Sekarang, ada yang beda, ini di Kota Pekanbaru ! kalau dilihat secara kasat mata mungkin masyarakat awam tidak akan memahami apa yang di lakukan oleh Walikota Agung Nugroho, SE, MM saat ini. 

Mari kita urai, soal Perda maupun Perwako tentang Pemilihan Rukun Tetangga (RT) dan (RW) kini menuai polemik, berdasarkan  Peraturan Wali Kota (Perwako) Pekanbaru Nomor 48 Tahun 2025 dengan Peraturan Daerah (Perda) Nomor 12 Tahun 2002 yang mengatur tata cara pemilihan Ketua Rukun Tetangga (RT) dan Rukun Warga (RW). 

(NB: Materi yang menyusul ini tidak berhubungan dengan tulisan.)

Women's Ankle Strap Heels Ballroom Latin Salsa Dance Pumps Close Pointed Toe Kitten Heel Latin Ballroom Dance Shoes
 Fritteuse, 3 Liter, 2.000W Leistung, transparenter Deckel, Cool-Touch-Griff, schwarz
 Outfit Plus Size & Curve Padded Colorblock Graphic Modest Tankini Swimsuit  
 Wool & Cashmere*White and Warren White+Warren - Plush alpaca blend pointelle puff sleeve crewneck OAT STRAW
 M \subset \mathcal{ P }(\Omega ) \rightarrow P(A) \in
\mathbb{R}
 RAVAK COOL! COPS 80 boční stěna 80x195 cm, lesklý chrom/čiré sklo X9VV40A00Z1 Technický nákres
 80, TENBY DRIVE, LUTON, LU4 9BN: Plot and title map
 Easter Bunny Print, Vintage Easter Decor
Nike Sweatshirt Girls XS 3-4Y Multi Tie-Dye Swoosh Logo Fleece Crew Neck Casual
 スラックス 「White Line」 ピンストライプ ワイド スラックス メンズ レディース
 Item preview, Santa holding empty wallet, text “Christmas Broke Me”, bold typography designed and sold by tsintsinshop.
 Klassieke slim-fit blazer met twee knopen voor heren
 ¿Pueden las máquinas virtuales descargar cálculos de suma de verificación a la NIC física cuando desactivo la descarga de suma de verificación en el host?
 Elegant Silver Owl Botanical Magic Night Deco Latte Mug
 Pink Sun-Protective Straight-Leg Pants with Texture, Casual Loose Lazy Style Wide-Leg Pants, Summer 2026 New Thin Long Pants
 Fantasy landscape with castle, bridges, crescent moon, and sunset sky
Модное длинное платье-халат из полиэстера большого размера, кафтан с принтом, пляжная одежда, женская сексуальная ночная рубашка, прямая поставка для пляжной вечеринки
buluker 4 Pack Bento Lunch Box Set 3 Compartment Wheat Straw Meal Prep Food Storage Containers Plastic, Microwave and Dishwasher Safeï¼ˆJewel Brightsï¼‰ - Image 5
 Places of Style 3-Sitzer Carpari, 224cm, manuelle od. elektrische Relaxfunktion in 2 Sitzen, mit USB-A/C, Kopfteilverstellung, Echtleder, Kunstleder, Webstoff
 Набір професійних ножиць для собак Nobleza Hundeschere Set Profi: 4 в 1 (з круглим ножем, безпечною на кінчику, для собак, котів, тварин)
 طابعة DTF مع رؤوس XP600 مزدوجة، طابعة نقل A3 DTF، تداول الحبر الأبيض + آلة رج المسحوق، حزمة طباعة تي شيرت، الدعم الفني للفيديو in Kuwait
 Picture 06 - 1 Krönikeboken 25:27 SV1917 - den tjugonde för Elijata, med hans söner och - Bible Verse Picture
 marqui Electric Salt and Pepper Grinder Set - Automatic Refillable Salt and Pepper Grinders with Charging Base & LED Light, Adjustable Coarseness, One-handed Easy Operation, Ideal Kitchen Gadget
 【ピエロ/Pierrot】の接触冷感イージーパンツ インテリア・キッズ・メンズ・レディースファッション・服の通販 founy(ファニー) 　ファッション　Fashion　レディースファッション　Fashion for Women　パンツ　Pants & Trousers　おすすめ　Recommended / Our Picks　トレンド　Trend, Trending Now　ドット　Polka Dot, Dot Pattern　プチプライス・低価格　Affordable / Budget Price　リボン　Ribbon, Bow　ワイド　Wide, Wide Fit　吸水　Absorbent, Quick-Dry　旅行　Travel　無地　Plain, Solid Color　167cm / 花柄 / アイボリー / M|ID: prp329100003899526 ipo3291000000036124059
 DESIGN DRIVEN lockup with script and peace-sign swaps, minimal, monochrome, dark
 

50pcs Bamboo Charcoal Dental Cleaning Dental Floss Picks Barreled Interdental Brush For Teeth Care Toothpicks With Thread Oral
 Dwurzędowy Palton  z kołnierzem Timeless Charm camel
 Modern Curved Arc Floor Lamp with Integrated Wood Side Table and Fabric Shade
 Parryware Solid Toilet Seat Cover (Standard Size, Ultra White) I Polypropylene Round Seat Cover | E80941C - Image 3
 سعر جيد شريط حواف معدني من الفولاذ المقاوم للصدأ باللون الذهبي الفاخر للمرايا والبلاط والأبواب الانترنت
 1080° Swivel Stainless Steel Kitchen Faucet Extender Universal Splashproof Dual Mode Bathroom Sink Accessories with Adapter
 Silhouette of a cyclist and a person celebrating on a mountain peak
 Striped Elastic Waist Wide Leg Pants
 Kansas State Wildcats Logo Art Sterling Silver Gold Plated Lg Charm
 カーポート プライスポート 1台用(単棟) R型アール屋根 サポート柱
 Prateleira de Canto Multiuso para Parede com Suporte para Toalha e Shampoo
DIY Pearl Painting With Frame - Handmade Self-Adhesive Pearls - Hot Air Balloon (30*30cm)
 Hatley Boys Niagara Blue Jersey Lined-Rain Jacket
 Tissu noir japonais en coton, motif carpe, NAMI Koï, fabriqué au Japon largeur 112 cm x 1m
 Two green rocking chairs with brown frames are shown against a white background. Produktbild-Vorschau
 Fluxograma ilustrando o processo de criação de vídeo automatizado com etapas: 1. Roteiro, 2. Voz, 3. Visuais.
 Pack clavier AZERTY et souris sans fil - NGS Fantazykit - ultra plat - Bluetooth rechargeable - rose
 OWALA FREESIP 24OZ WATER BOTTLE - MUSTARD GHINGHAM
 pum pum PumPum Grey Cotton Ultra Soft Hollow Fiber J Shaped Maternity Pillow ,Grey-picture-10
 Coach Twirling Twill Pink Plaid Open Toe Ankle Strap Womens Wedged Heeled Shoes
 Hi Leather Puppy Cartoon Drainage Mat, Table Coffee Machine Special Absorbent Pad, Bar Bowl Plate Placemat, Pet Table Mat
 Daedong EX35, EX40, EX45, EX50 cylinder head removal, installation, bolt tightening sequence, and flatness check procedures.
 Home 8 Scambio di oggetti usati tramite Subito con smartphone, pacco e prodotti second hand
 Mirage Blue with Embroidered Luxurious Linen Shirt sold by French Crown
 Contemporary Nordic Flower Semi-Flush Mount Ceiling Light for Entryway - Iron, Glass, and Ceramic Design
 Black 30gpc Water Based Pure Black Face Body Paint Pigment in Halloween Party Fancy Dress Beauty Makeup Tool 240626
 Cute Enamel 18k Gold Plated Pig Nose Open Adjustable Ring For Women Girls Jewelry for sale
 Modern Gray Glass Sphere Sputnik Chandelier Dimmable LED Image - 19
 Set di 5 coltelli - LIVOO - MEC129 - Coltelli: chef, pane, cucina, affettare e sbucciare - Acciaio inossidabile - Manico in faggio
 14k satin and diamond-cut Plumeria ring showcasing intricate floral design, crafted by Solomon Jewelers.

Secara dasar, Perwako Nomor 48 Tahun 2025 tidak bertentangan dengan Perda Nomor 12 Tahun 2002. Justru Perwako ini hadir untuk memperjelas dan menegaskan pelaksanaan aturan yang sudah ada. Namun, soal Perda dan Perwako ini seharusnya tak menjadi hal yang pantas di bahas hingga timbulnya asumsi negatif masyarakat. 

Pada BAB V Pasal 12 

(1) Pemilihan Ketua RT atau RW dilakukan tanpa  pemungutan suara  dan  dilaksanakan melalui  musyawarah mufakat warga di lingkungan masingmasing. (2) Musyawarah mufakat sebagaimana dimaksud pada  ayat (1) bertujuan untuk menetapkan Ketua RT dan RW  berdasarkan kesepakatan bersama warga. (3) Musyawarah harus dihadiri 2/3 (dua per tiga) dari jumlah Kepala Keluarga, dengan ketentuan apabila  pada musyawarah pertama tidak dihadiri oleh 2/3 (dua per tiga) dari jumlah Kepala Keluarga, maka dilaksanakan musyawarah kedua dan apabila pada musyawarah kedua tidak dihadiri oleh 2/3 (dua per  tiga) dari jumlah Kepala Keluarga, maka dilakukan  proses pemungutan suara secara langsung pada saat  itu juga.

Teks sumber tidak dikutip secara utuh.